There exists a belief in tango community that sounds something like this: “If I get to dance with better dancers, my dancing will improve much faster than if I only dance with people of my own level.” Or like this: “Experienced dancers should dance more with beginners. How are these poor souls supposed to learn if they are stuck with other beginners?” A female student leaving a class with the words: “Every new follower should be given a very good leader from the start! If we wait for these men here to become decent dancers, we will be waiting forever!”
The learning curve phenomenon seems to back it up. For beginning leaders this curve is rarely the same as for beginning followers. Leaders generally have a harder time learning and getting dances in the first couple of years. A beginning (female) follower, on the other hand, if she is a promising dancer, plus young and goodlooking, will be noticed by more experienced (male) leaders. How often have you heard the story: “Oh, when she started, all the better dancers wanted to dance with her, so OBVIOUSLY she became very good very quickly.” It can happen with a new male leader, too. Being young and goodlooking helps, but the key word here is “promising”. It means that this person already has something worthwhile to offer, such as an eagerness to learn.
The notion that if only expert dancers agreed to dance with you, your tango skills would skyrocket is so widespread that it regularly puts me (the “expert dancer”) in comical situations. I had a total stranger once come up to me in a milonga and say: “I have only been dancing for a month, but I figured that dancing with a teacher would be very beneficial for me.” I have been rebuked for refusing invitations: “You have some nerve, you know. How are these guys supposed to become good dancers if you won’t even look at them?” And consider how often you hear the following remark: “You know, when YOU were a beginner, better dancers danced with you because they wanted to help you.” To which, by the way, I always reply: “They danced with me because I was young, pretty and with a background in dance.”
So is it true that dancing with better dancers makes you a better dancer?
First, let’s define what we mean by “better”. When talking about levels in tango, we are forced to over-simplify things in order to categorise, but in reality there are many variables that constitute someone’s appeal as a dancer. It is never the technique alone, nor the number of steps, nor the ability to lead or follow, nor the musicality. It is all of those things combined. We can at best imagine a dancer’s skill as a DJ mixing table with several sliders. Each slider represents a sub-skill or an ability that can be at a higher or a lower position, depending on this person’s experience, talent and dedication. I can think of several sliders: technique, vocabulary, communication (leading/following), embrace, musicality, navigation, social skills. To this we should add, to further complicate things, the human factor. It is partially inherent and partially learnt in order to fit into the tango community. In many situations, human factor will be decisive in the choice of partner DESPITE good or bad skills in other areas.

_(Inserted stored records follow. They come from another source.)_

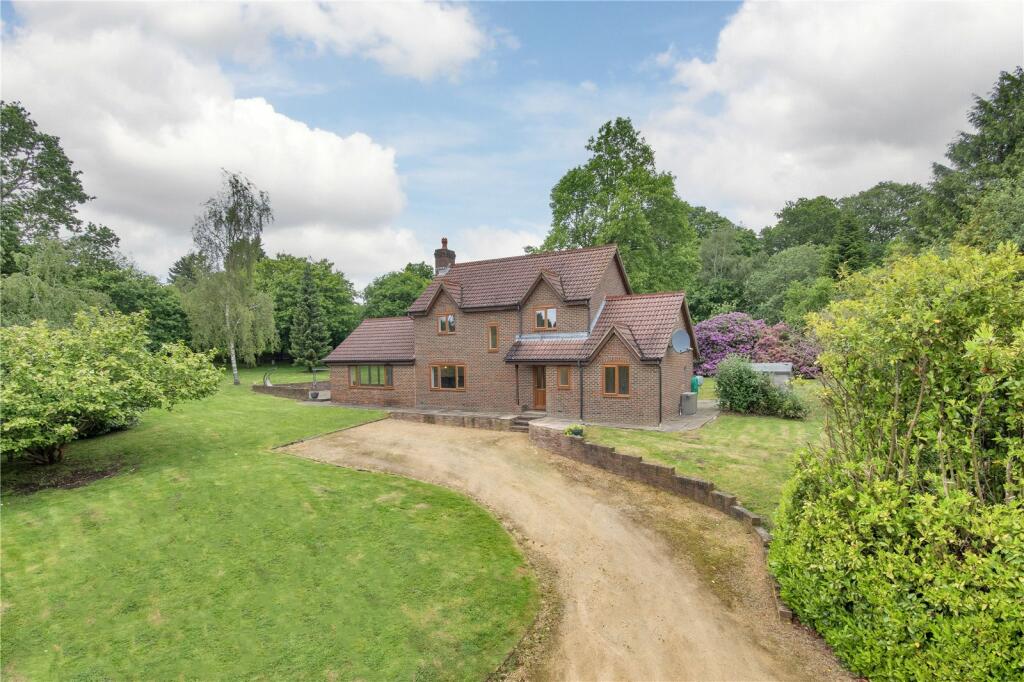 5 bedroom detached house for sale in Biddenden, Ashford, Kent, TN27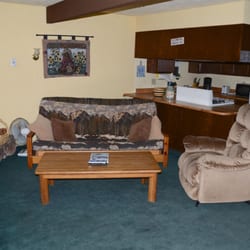 Big Bear Village Lodge - Large 700sf apartment suites have full kitchens and fireplaces in the living areas.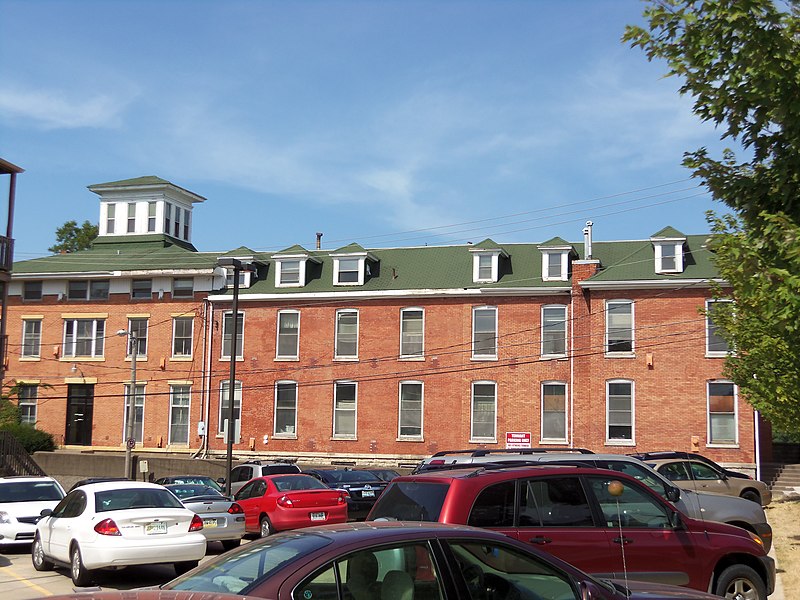 File:Former St. Luke's Hospital East.JPG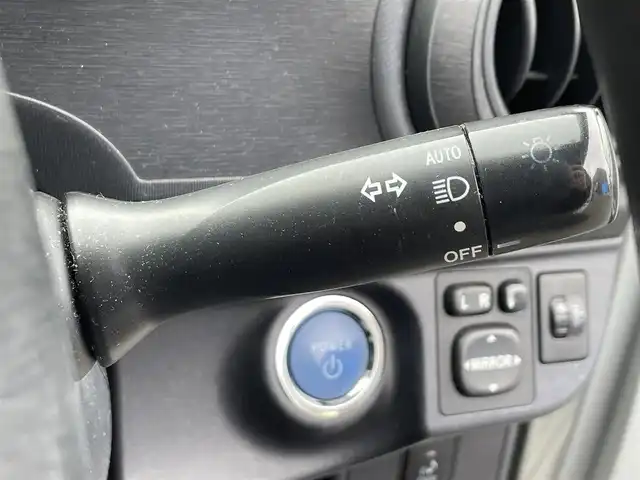 トヨタ アクア S 滋賀県 2013(平25)年 6万km ライムホワイトパールクリスタルシャイン 純正ナビ/【Bluetooth/フルセグTV/CD/DVD】/バックカメラ/ETC/スマートキー/プッシュスタート/オートライト/ステアリングスイッチ/オートエアコン/純正フロアマット/スペアキー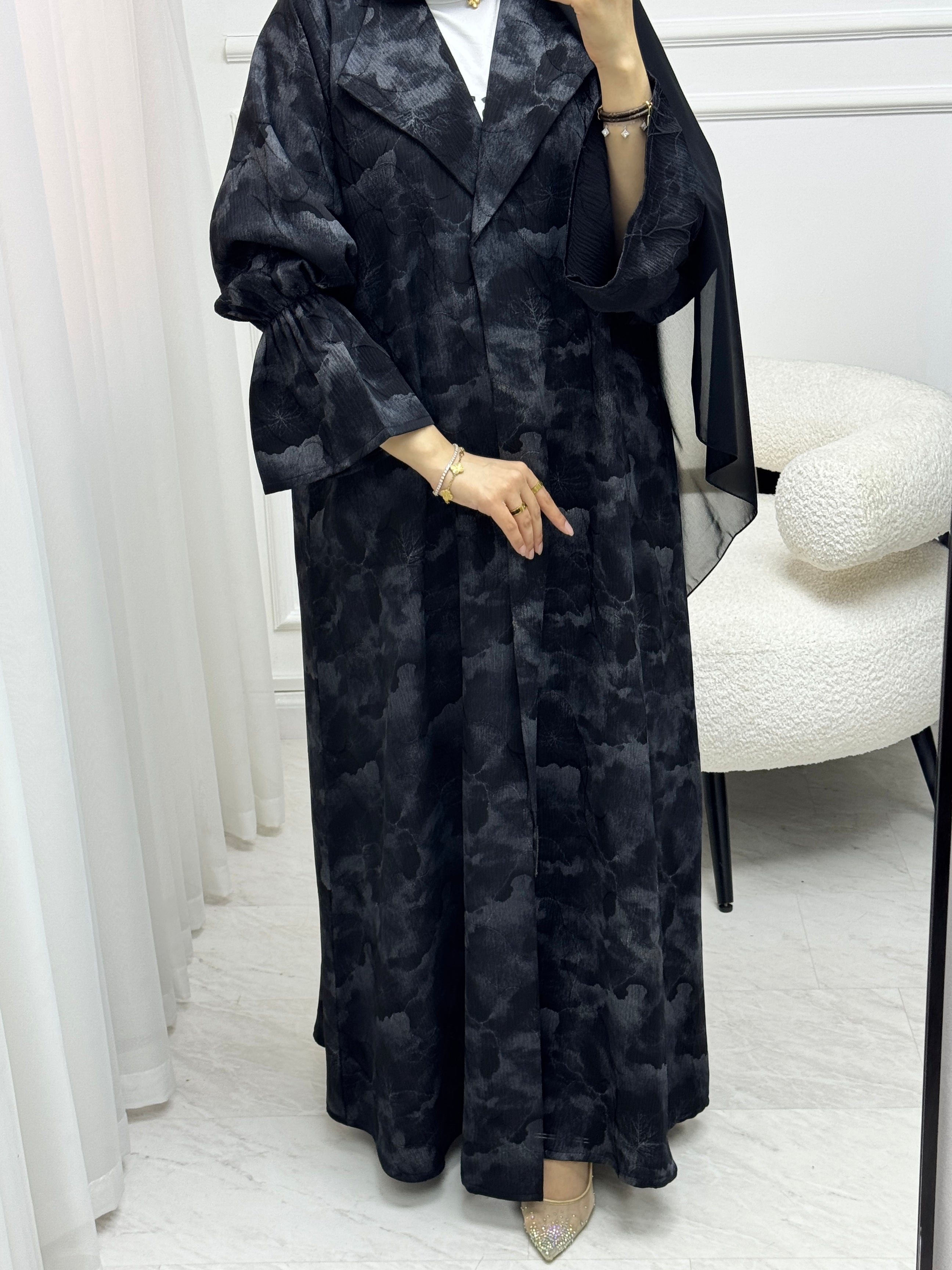 C 1537 Black Misty Abaya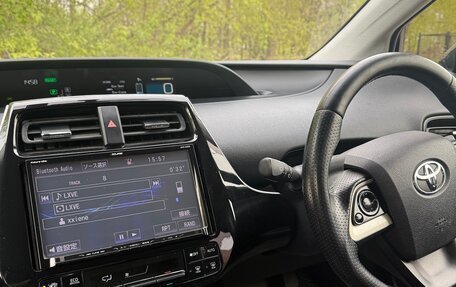 Toyota Prius IV XW50, 2016 год, 1 550 000 рублей, 13 фотография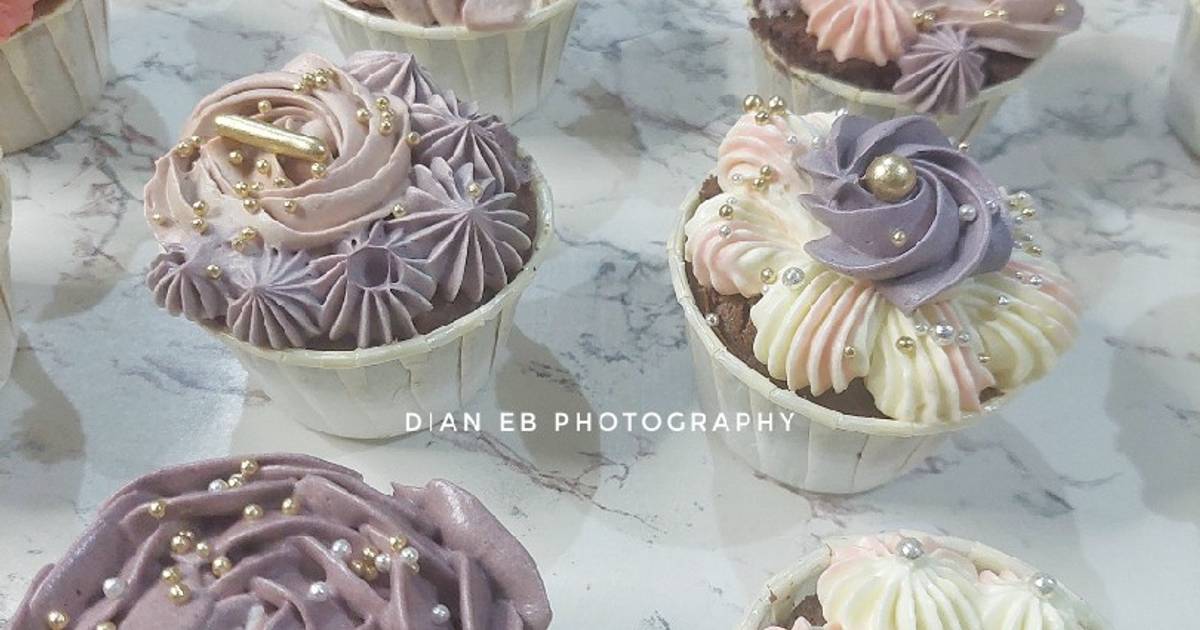 Resep Simple Buttercream oleh Dian Mavizsof Cookpad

To think that we can categorise each dancer based on the vocabulary or the number of years in tango would be naive. It would also be naive to categorise dancers by human factor alone. We know that the reality is more complex. You have probably met people who dance a lot of complicated steps and all of them badly. You have surely met dancers with a modest vocabulary but a great embrace or musicality. When we speak of “better dancers” or “a higher level”, we therefore have to bear in mind that it encompasses an array of skills, not all of them necessarily in equally high positions on the mixing table. Choosing to dance with a certain person is always a package deal. We will easily accept some flaws if they are compensated by finer qualities.
The goal of a precise lead is exactly that: to PROVOKE a well-done movement.
This said, let’s look into what happens when you dance with a partner whose sliders are – for the sake of the argument – all in much higher positions than yours. If you are a follower dancing with a much more expert leader (and you are not stressed out of your mind by this situation), your movements will feel more effortless, more “correct”, you will feel more balanced, easily musical and possibly dance steps you have never danced before. An experienced leader will create the optimal conditions for your movement to be as good as you can make it. The goal of a precise lead is exactly that: to PROVOKE a well-done movement. Whether the follower is able to dance this movement well, is another matter. The leader will also avoid leading you steps that would totally overwhelm you. If you have problems with balance or pivoting, you will either feel them very clearly, if the leader is not compensating for them, and become acutely aware of how much you still have to improve. OR you will feel as if they magically disappeared. This can mean two things. One, the leader is discreetly helping you. Two, you are able to do these movements well, but only in ideal circumstances and with an ideal partner (also known as the “conscious competence” learning stage).
If you are a leader dancing with a much more expert follower and relaxed enough to concentrate on the dancing, then you will find that practically everything you lead gives marvellous results. The tiniest impulse evokes a meaningful response and the blurriest of ideas transforms into something delicious or at least dignified. You will find yourself leading things you have never lead before and expressing yourself in the music with much more ease. You might truly feel like a DANCER. Your problems with balance, pivoting or walking may still bother you but at the same time you will feel that somehow they do not bother your partner all that much. The overall experience will be quite enjoyable. However, all of this is only true if the follower decides to compensate for whatever is lacking in your lead. In a milonga this is what an experienced follower will do most of the time if s/he accepts your invitation.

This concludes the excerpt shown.